HOW TO COMPLETE THIS TASK:
Your answer must be an exact copy of the records, minus any pictures.
***** DATA EXTRACTS *****
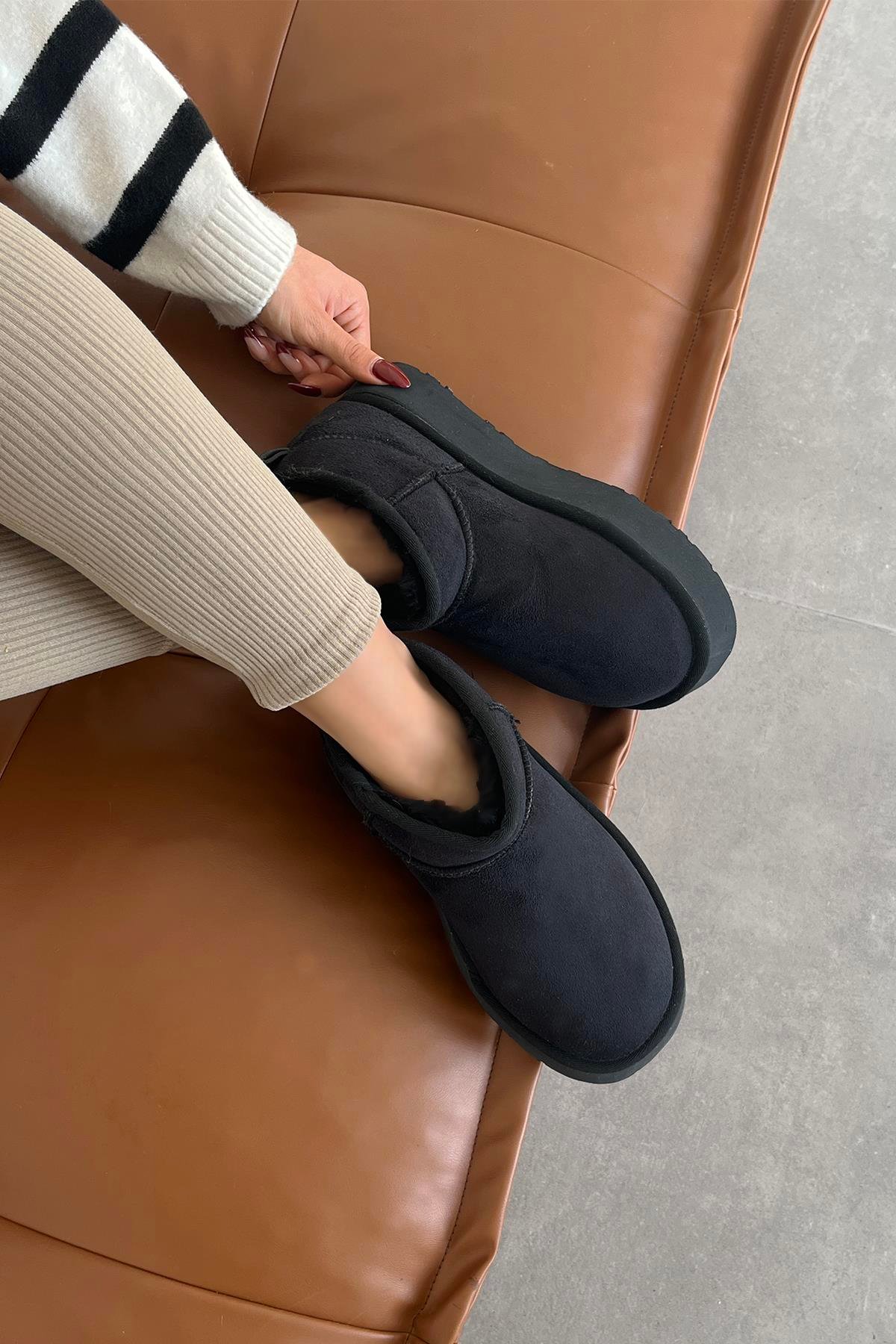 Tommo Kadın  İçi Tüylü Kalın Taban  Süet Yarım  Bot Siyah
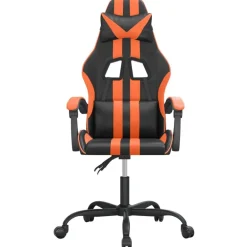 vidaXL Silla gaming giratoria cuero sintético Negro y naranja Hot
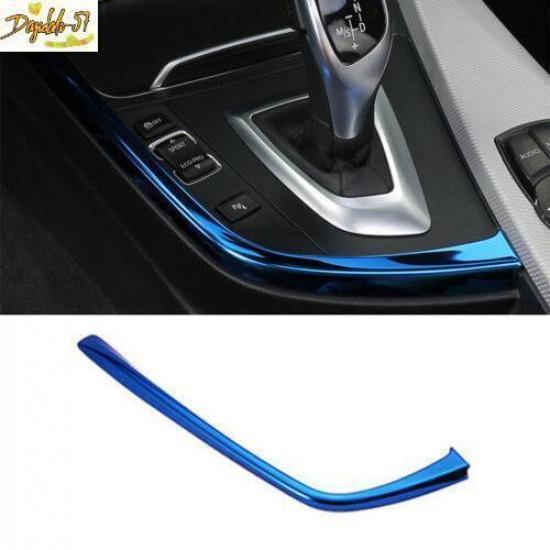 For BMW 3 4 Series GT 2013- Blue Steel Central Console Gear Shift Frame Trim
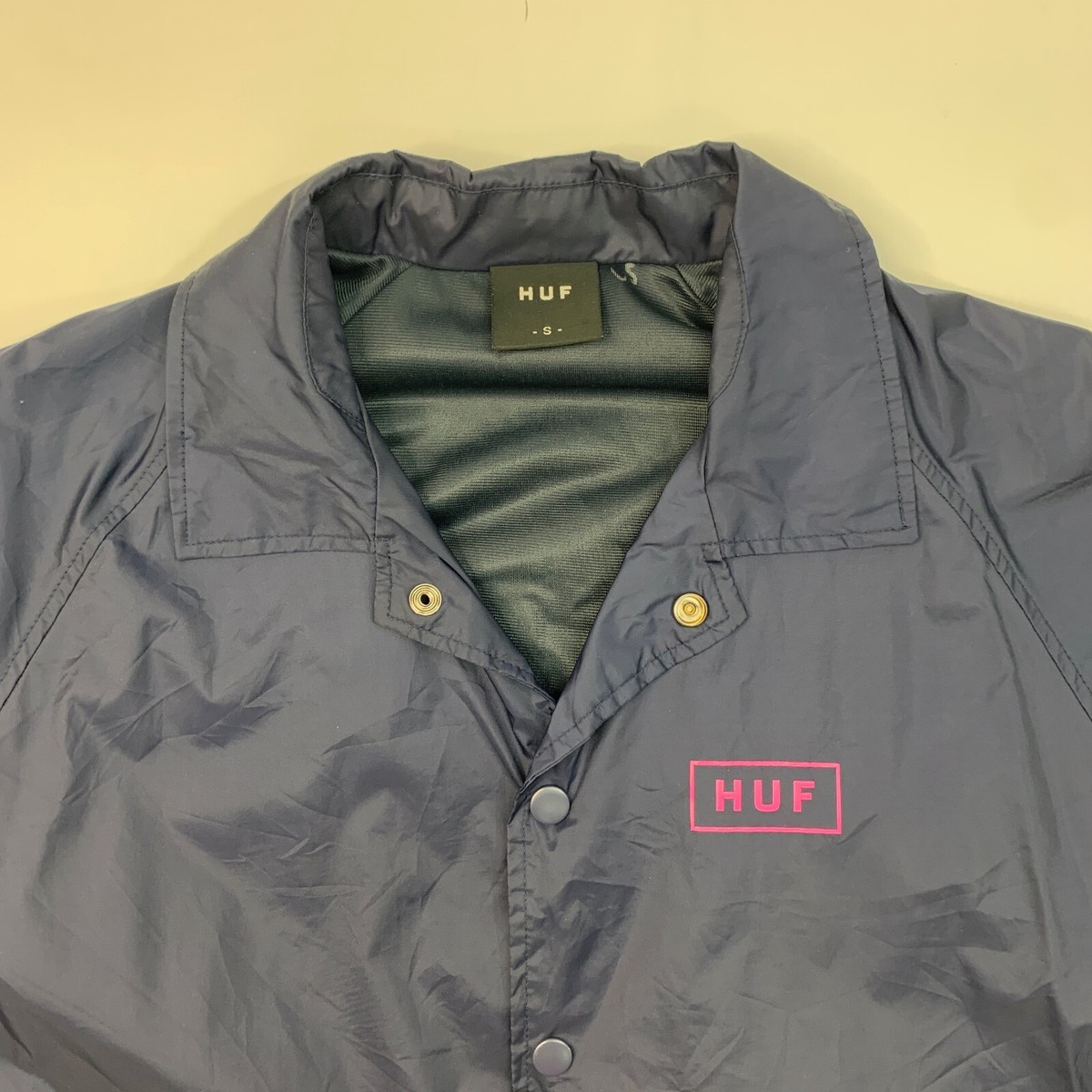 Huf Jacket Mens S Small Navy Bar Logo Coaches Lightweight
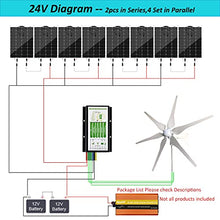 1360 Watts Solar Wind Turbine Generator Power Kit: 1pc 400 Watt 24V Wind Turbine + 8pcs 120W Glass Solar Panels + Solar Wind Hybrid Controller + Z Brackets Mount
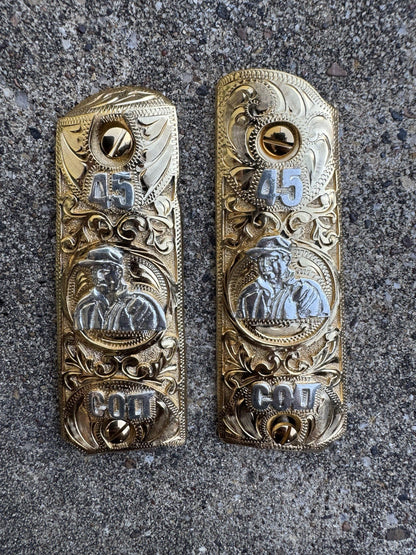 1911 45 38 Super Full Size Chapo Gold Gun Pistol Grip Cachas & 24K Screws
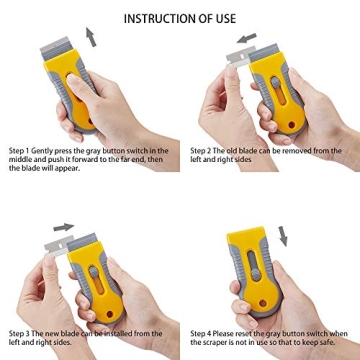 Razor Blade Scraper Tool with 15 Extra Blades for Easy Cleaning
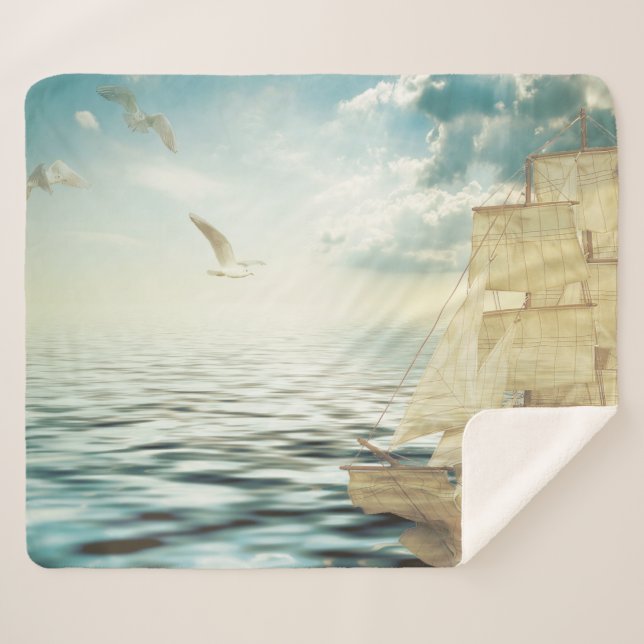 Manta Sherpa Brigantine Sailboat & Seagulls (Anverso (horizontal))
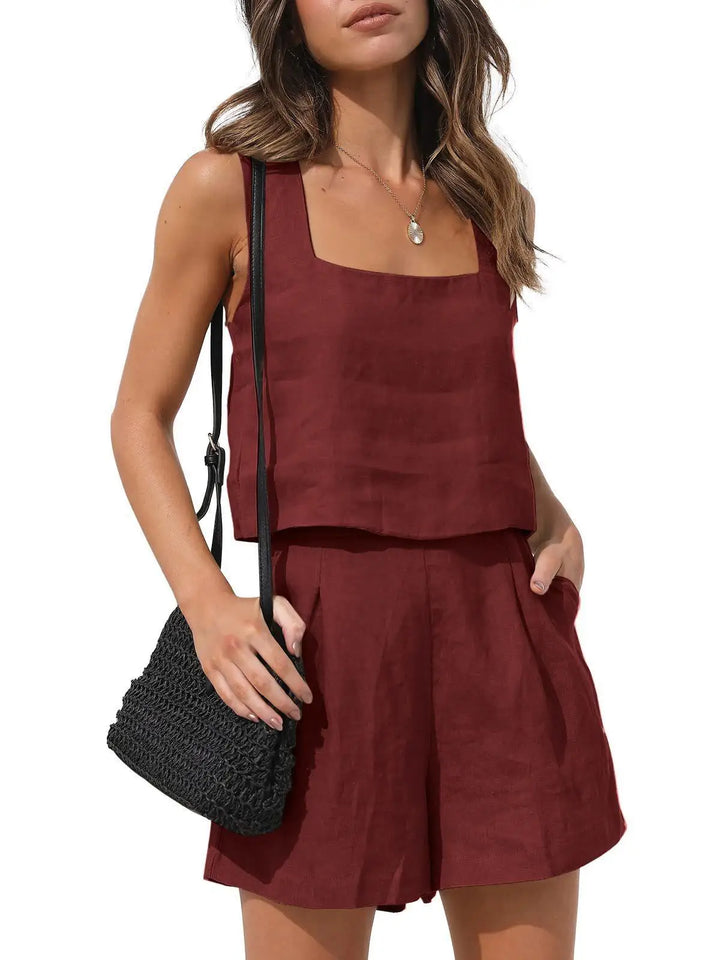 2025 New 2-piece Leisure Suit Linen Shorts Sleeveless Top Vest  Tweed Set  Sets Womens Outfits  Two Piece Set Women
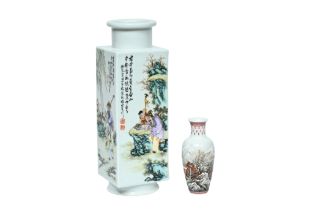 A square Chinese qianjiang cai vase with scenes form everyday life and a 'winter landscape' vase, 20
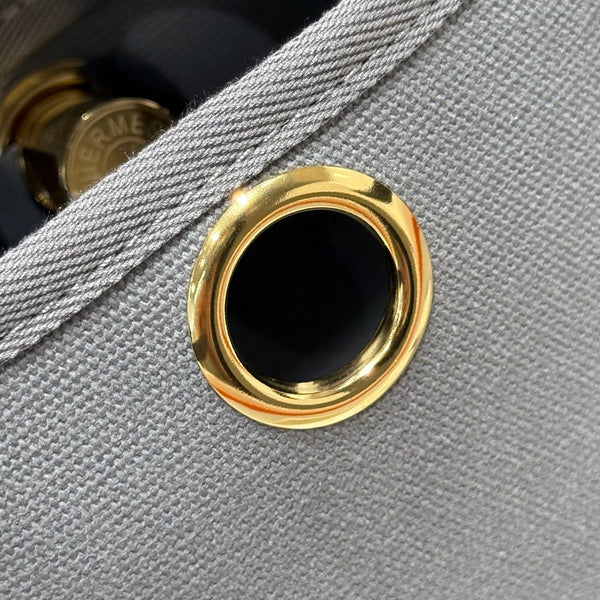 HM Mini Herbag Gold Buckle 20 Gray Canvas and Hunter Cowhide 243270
*****
THE COMPLETED TASK:
 Tommo Kadın  İçi Tüylü Kalın Taban  Süet Yarım  Bot Siyah
 vidaXL Silla gaming giratoria cuero sintético Negro y naranja Hot
 For BMW 3 4 Series GT 2013- Blue Steel Central Console Gear Shift Frame Trim
 Huf Jacket Mens S Small Navy Bar Logo Coaches Lightweight
 1360 Watts Solar Wind Turbine Generator Power Kit: 1pc 400 Watt 24V Wind Turbine + 8pcs 120W Glass Solar Panels + Solar Wind Hybrid Controller + Z Brackets Mount
 1911 45 38 Super Full Size Chapo Gold Gun Pistol Grip Cachas & 24K Screws
 Razor Blade Scraper Tool with 15 Extra Blades for Easy Cleaning
 Manta Sherpa Brigantine Sailboat & Seagulls (Anverso (horizontal))
 2025 New 2-piece Leisure Suit Linen Shorts Sleeveless Top Vest  Tweed Set  Sets Womens Outfits  Two Piece Set Women
 A square Chinese qianjiang cai vase with scenes form everyday life and a 'winter landscape' vase, 20
 HM Mini Herbag Gold Buckle 20 Gray Canvas and Hunter Cowhide 243270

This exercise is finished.